● **Activity**
Starting at the line that holds "Aerial photograph Kamen", restate every line word for word up to and including the last one in the listing below, and omit all pictures.

+++

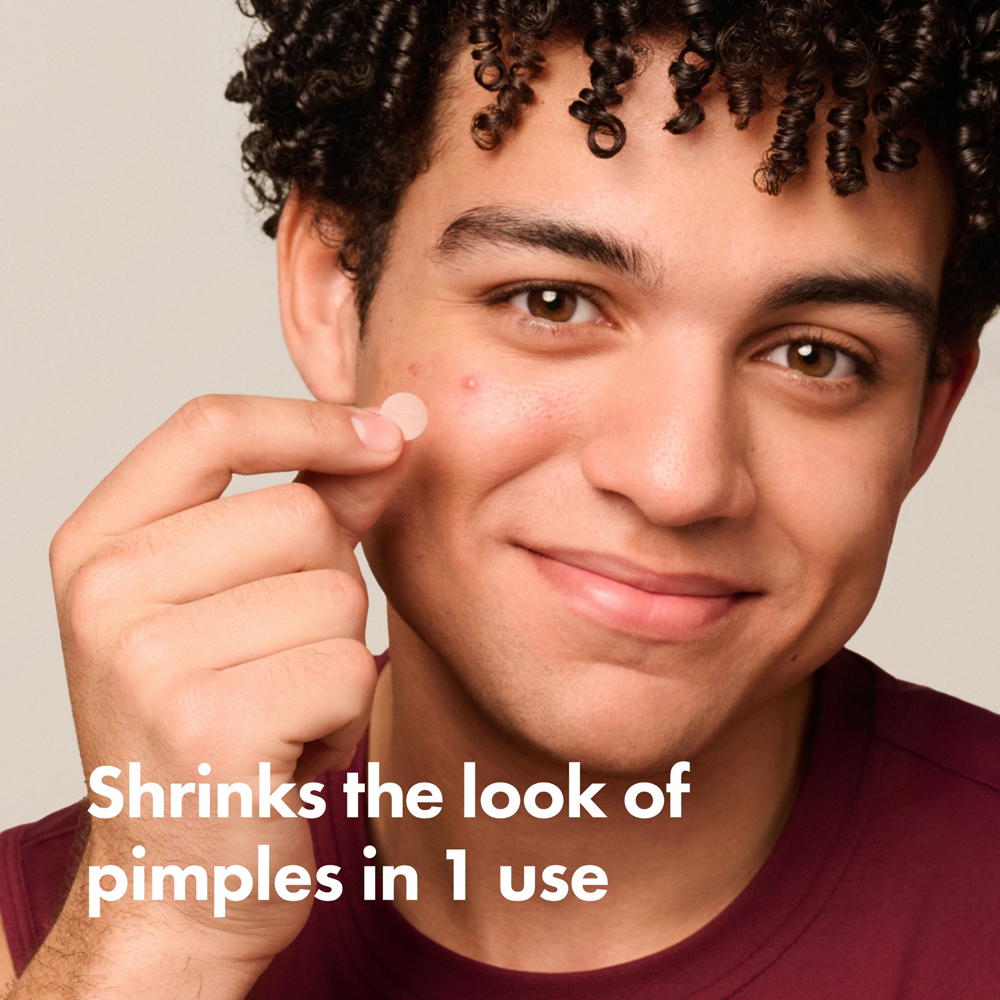 Person holding product with text 'Shrinks the look of pimples in 1 use' on a plain background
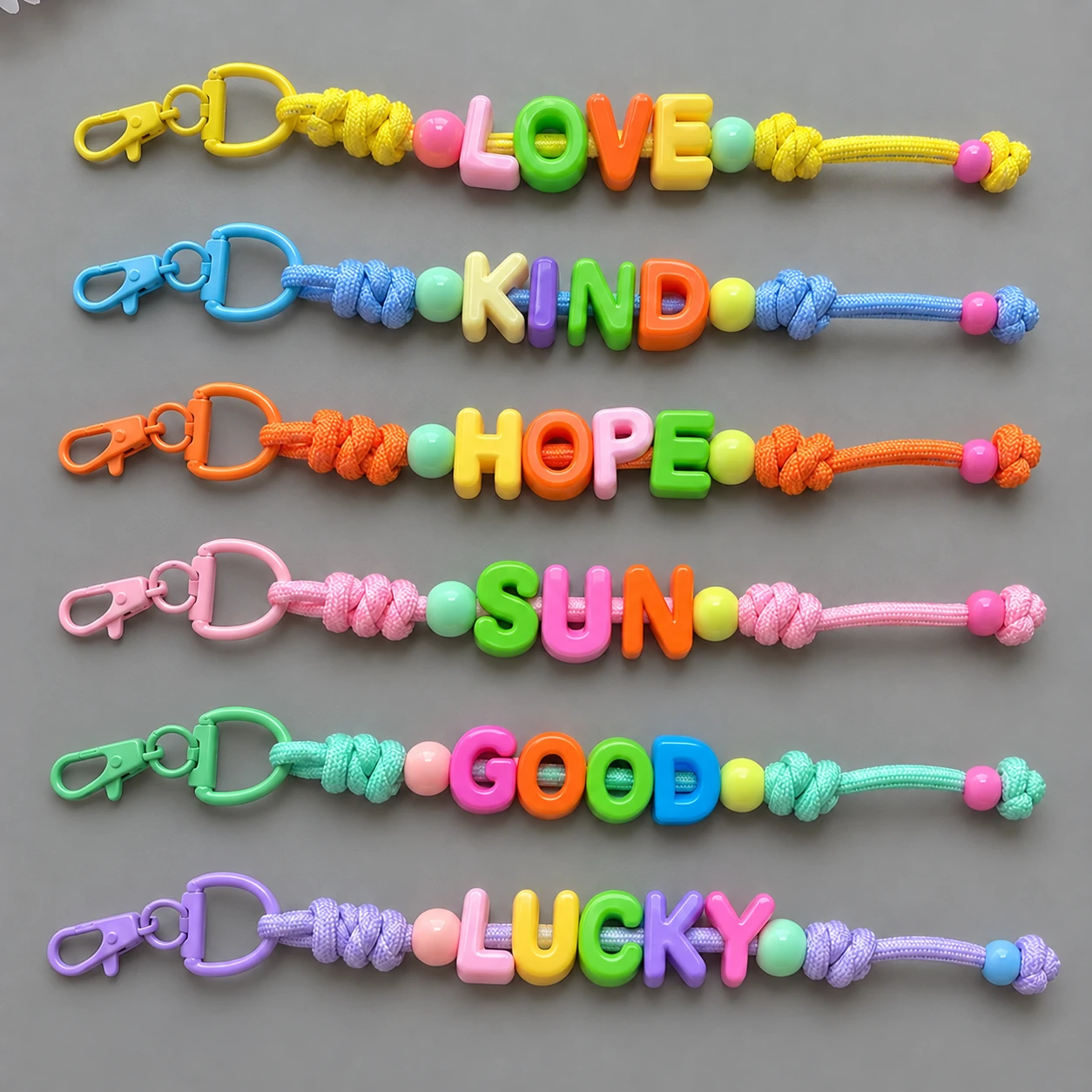 Six chunky bead keychains with multicolored letters, matching cords and semicircle rings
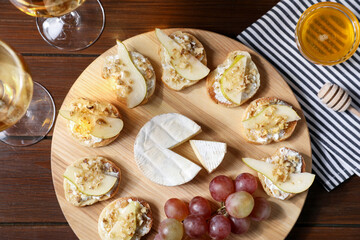 Delicious bruschettas served with camembert, grapes and wine on wooden table, flat lay
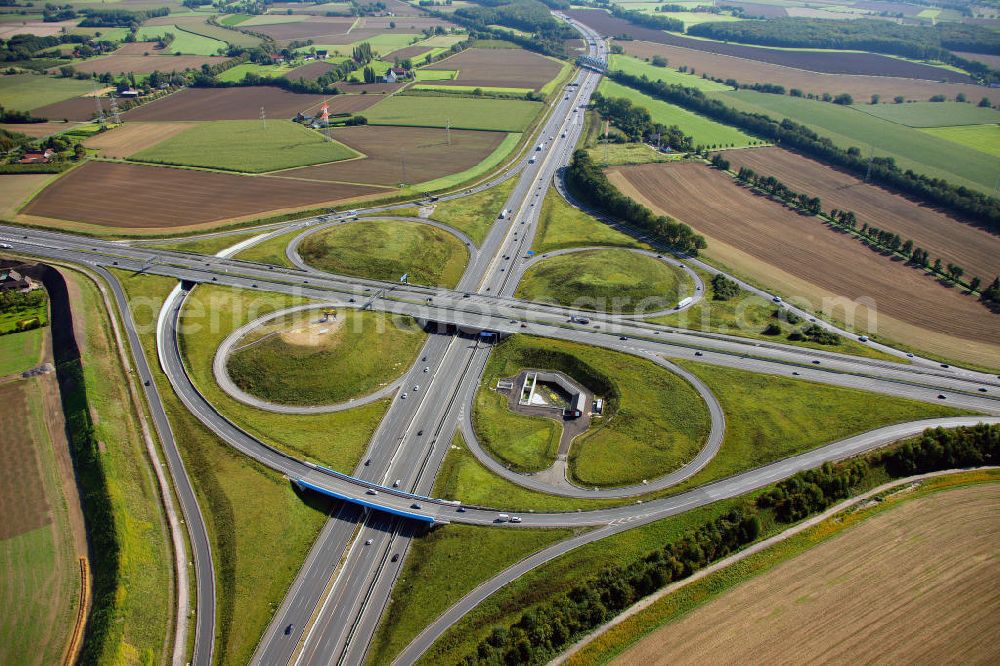 Aerial photograph Kamen - Blick auf das Autobahnkreuz Kamener Kreuz im Nordosten des Ruhrgebietes bei Kamen. Neu installiert ist das ADAC-Denkmal , einer Skluptur aus acht Figuren , welche einen ausrangierten ADAC- Helikopter tragen. Die Kunstinstallation Gelbe Engel ist ein Werk des Kuenstler Alex Gockel. Rund 200.000 Fahrzeuge passieren täglich das Kreuz und somit hat dieses kunstwerk reale Chancen, zum meistbeachteten Kunstwerk Deutschlands zu werden.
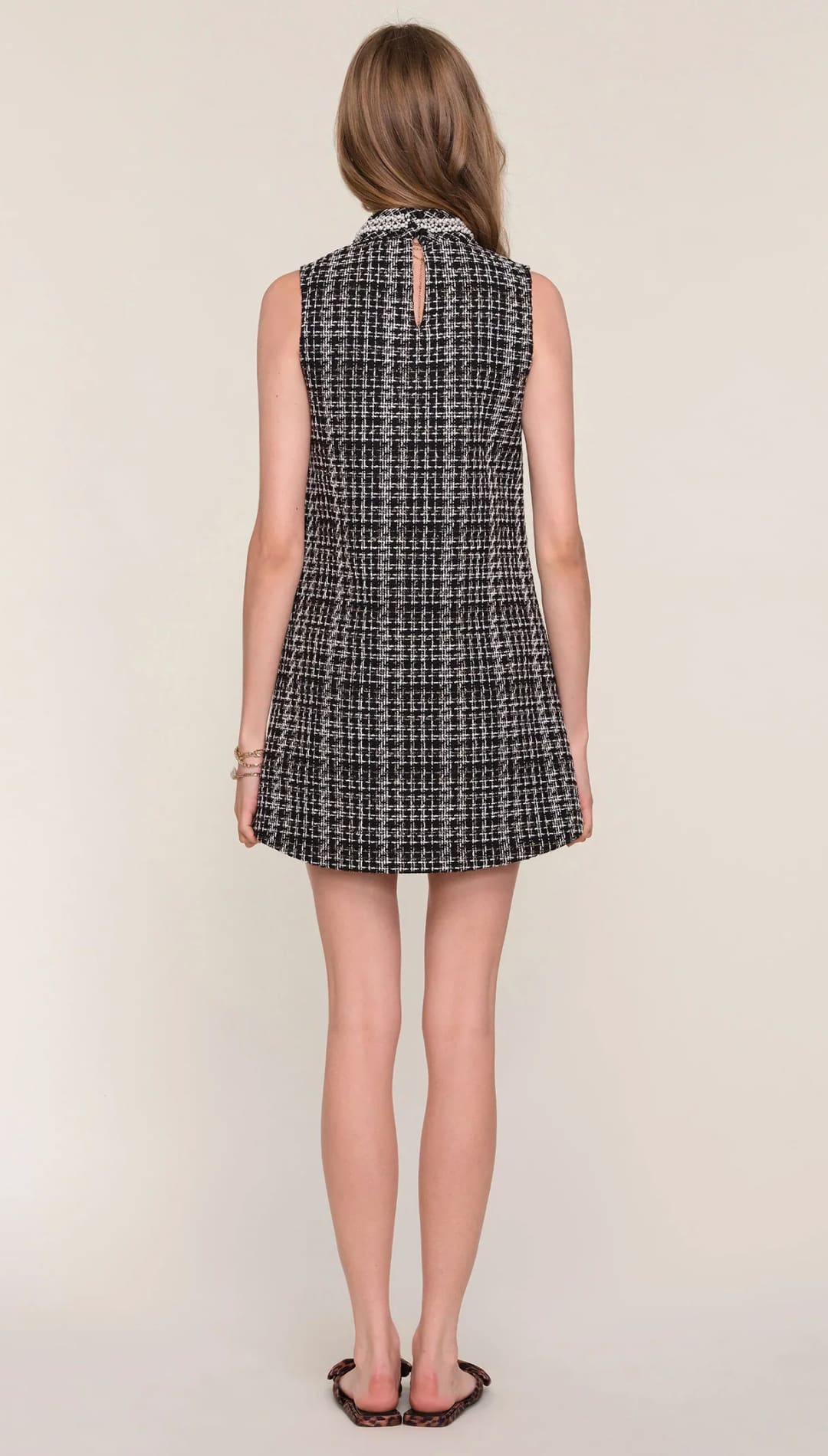 Tweed sleeveless mini dress with a plaid pattern and button detail at the back.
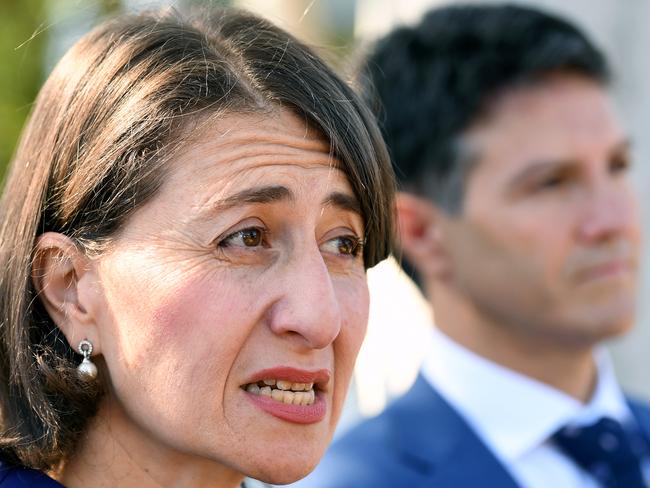 NSW Premier Gladys Berejiklian (left) and NSW Minister for Services Victor Dominello speak to the media after inspecting a new Service NSW bus at Revesby in Sydney, Tuesday, February 12, 2019. (AAP Image/ Joel Carrett) NO ARCHIVING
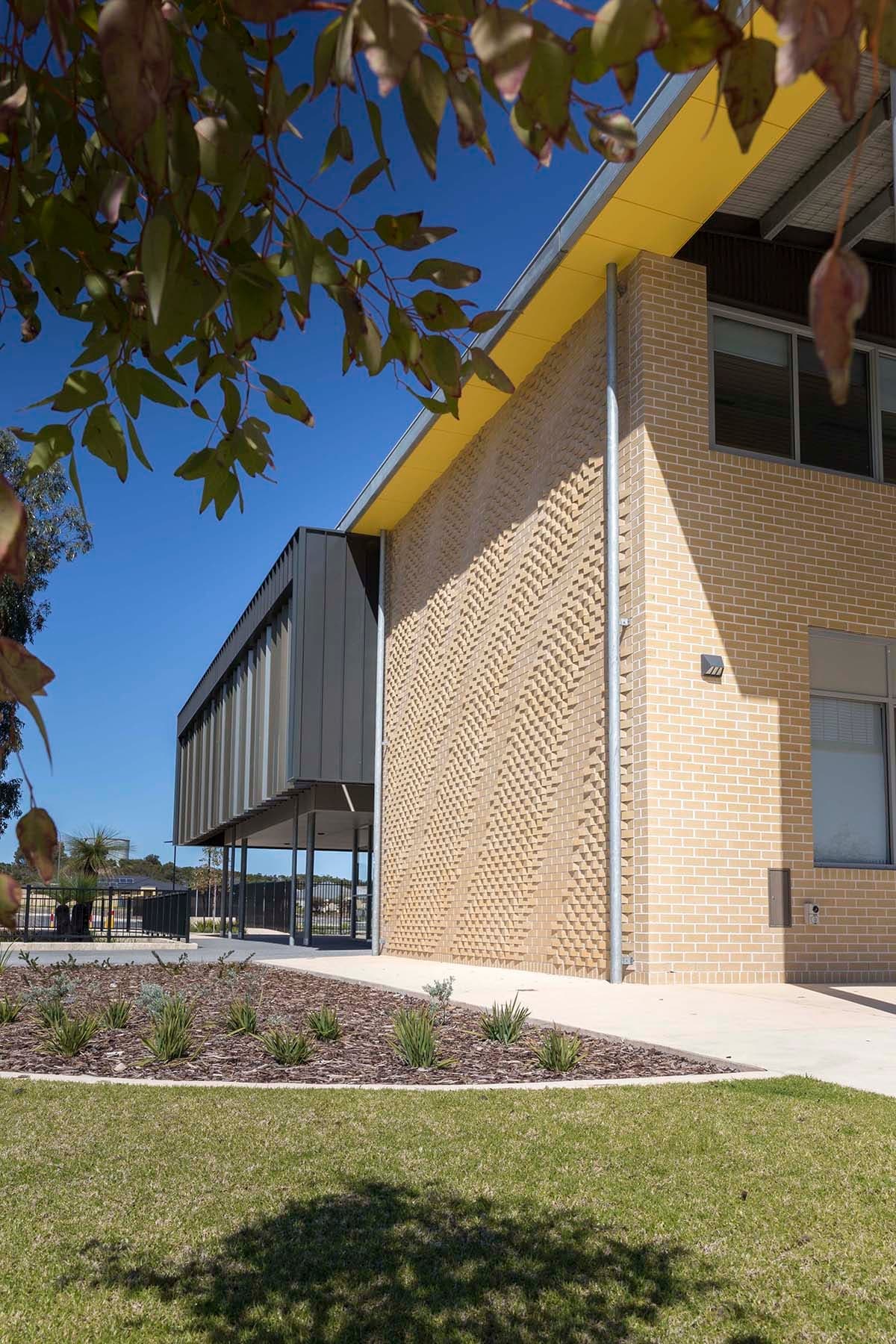 Rhythm and Flow — Integrated brick, glazing and aluminium louvres, Yanchep Secondary College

+++

● **Task answer**
 Aerial photograph Kamen - Blick auf das Autobahnkreuz Kamener Kreuz im Nordosten des Ruhrgebietes bei Kamen. Neu installiert ist das ADAC-Denkmal , einer Skluptur aus acht Figuren , welche einen ausrangierten ADAC- Helikopter tragen. Die Kunstinstallation Gelbe Engel ist ein Werk des Kuenstler Alex Gockel. Rund 200.000 Fahrzeuge passieren täglich das Kreuz und somit hat dieses kunstwerk reale Chancen, zum meistbeachteten Kunstwerk Deutschlands zu werden.
 Tweed sleeveless mini dress with a plaid pattern and button detail at the back.
 NSW Premier Gladys Berejiklian (left) and NSW Minister for Services Victor Dominello speak to the media after inspecting a new Service NSW bus at Revesby in Sydney, Tuesday, February 12, 2019. (AAP Image/ Joel Carrett) NO ARCHIVING
 Rhythm and Flow — Integrated brick, glazing and aluminium louvres, Yanchep Secondary College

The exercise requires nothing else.